I was recently asked to
advise on some new Articles of Association a client company proposed to
adopt. When I asked about the Special
Resolution of the shareholders to adopt the new Articles, I was told the
Directors intended to agree them at their next Board meeting and they thought
it was just "a paperwork exercise".
Well it usually is, but I do try to get the paperwork right. I advised that the necessary resolution
should be passed by a 75% majority at a General Meeting convened for the
purpose or by circulating a Written Resolution for signature. However, it turned out that there were only a
small number of shareholders, all of whom were on the Board of Directors. As a recent case illustrates, the
"Duomatic principle" would in fact have validated the client’s
informal procedure. So did I really need
to bother with the correct, formal advice?
It is a well-established
principle of company law that where all shareholders who have a right to attend
and vote at a general meeting of the company assent to some matter which a
general meeting of the company could carry into effect, that assent is as
binding as a resolution in general meeting would be (Re Duomatic Ltd [1969] 2 Ch 365).

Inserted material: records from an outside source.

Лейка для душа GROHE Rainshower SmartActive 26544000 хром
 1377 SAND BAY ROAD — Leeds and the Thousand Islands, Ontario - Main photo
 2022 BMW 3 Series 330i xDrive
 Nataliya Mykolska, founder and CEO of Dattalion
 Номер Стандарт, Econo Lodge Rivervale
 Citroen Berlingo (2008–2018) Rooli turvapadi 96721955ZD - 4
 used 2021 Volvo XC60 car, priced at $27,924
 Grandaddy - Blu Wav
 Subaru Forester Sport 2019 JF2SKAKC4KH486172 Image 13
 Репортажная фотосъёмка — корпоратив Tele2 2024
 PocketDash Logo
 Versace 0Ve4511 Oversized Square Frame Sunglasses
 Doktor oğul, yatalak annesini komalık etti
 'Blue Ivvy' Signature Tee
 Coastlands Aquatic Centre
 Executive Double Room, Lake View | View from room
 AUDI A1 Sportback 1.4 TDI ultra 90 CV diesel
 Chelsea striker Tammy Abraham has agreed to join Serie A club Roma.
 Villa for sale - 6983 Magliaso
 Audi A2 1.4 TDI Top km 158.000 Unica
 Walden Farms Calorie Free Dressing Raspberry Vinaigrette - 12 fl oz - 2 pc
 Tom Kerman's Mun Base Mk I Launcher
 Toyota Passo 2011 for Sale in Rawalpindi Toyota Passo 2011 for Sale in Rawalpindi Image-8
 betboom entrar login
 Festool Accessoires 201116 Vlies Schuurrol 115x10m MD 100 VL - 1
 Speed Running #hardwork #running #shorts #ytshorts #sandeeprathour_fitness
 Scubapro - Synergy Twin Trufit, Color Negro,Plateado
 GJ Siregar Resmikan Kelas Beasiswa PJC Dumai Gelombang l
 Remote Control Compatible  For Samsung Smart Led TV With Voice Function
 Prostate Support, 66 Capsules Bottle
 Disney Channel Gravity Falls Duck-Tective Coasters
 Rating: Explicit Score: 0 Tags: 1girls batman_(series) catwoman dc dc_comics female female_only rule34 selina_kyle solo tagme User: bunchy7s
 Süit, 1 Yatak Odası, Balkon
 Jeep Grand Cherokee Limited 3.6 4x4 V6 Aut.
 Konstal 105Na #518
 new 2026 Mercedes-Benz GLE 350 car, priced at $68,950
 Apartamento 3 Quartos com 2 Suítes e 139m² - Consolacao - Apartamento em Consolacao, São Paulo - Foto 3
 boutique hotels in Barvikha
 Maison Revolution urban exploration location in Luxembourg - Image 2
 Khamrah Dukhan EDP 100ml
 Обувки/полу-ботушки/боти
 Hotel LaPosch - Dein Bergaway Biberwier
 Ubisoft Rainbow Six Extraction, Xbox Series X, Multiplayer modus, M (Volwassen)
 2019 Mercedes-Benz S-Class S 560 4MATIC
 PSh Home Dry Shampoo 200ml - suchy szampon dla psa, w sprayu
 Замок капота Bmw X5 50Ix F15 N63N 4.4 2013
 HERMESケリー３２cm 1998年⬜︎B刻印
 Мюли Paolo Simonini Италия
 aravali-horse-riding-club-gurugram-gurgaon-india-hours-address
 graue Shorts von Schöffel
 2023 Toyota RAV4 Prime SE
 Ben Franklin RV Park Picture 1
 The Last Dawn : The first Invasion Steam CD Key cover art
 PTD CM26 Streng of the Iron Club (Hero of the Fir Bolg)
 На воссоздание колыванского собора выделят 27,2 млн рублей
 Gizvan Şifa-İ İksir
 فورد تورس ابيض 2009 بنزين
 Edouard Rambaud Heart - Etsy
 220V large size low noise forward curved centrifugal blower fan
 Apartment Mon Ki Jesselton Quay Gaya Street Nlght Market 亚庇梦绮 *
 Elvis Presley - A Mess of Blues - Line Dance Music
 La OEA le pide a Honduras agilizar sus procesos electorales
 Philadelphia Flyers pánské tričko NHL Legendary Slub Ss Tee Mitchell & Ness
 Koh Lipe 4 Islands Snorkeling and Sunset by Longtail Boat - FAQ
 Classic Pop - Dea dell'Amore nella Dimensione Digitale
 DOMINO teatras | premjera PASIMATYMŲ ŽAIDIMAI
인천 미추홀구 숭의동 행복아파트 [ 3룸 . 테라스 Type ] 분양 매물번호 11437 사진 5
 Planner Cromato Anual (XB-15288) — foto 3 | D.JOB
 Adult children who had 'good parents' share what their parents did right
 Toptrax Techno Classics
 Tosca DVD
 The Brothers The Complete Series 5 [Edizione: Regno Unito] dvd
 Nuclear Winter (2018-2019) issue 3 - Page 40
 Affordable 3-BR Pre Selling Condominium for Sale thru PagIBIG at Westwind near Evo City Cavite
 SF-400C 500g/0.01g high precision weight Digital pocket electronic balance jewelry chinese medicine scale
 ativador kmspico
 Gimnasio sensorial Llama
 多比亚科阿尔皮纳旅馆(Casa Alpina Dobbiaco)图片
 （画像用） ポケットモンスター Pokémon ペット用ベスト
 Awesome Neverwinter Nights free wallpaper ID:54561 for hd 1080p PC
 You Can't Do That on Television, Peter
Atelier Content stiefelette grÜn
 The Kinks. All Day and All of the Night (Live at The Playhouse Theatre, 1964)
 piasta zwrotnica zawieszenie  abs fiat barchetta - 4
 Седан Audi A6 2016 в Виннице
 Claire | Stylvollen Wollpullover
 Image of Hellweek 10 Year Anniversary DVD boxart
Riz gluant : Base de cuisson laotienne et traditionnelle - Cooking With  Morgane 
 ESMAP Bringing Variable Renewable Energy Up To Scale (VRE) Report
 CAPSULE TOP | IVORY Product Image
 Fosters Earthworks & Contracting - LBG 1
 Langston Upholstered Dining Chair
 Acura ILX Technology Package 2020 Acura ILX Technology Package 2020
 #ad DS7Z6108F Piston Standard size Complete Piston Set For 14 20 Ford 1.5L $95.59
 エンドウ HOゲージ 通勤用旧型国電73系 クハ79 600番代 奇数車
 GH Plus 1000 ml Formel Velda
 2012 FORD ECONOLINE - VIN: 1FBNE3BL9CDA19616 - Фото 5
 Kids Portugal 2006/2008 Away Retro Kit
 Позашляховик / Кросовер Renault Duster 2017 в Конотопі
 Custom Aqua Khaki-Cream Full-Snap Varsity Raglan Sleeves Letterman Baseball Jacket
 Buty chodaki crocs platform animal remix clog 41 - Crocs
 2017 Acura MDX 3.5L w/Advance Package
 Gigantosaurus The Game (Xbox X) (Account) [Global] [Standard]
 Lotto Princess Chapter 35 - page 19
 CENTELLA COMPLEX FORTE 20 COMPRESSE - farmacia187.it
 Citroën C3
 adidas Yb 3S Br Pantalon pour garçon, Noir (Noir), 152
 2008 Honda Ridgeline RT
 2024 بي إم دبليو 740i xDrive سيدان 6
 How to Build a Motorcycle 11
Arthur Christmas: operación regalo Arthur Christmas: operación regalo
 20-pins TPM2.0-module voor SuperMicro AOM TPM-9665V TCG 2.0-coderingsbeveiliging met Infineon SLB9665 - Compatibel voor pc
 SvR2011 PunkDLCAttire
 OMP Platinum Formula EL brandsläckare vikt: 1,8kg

There are a number of cases where amendments to the Articles of
companies have been held valid in this way, despite a lack of the formalities
prescribed by the Companies Act.
The recent case of Randhawa & Ors v Turpin & Anor [2016] EWHC 2156
(Ch) is a good illustration of just how far the Duomatic principle can
go. 75% of the shares in the company
were held by the sole Director as nominee for his father, who was disqualified
from acting as a director, with the remaining 25% being registered in the name
of an Isle of Man company which had been dissolved in 1996. The sole Director had purported to hold a
Board meeting at which he had appointed Administrators. But the Articles provided that a sole director
only had power to convene a general meeting or appoint an additional director. A creditor (which had taken an assignment of
the debt owed to the company’s solicitors) challenged the validity of the
appointment of the Administrators.
However this was only after they had lost at a previous hearing seeking
to challenge the amount of their fees, when they had not taken this point, so
the judge was unsympathetic, saying that at best this smacked of abuse of
process.
But he decided the case on
the Duomatic principle. From 2009 to the
appointment of the Administrators in 2013 both the disqualified father (who was
the beneficial owner of 75% of the shares and in reality in control of the
company) and the son (who was sole director and registered holder of the 75% shareholding at the time) had acquiesced in the son exercising the full powers of the Board
of Directors. The father had also
acquiesced in the appointment of the Administrators, though not actually
present at the meeting appointing them. This
was held to be an effective variation of the Articles under the Duomatic
principle to allow the sole Director to appoint the Administrators. The 25% shareholder did not count because it
had been dissolved, and so was unable to exercise its voting rights.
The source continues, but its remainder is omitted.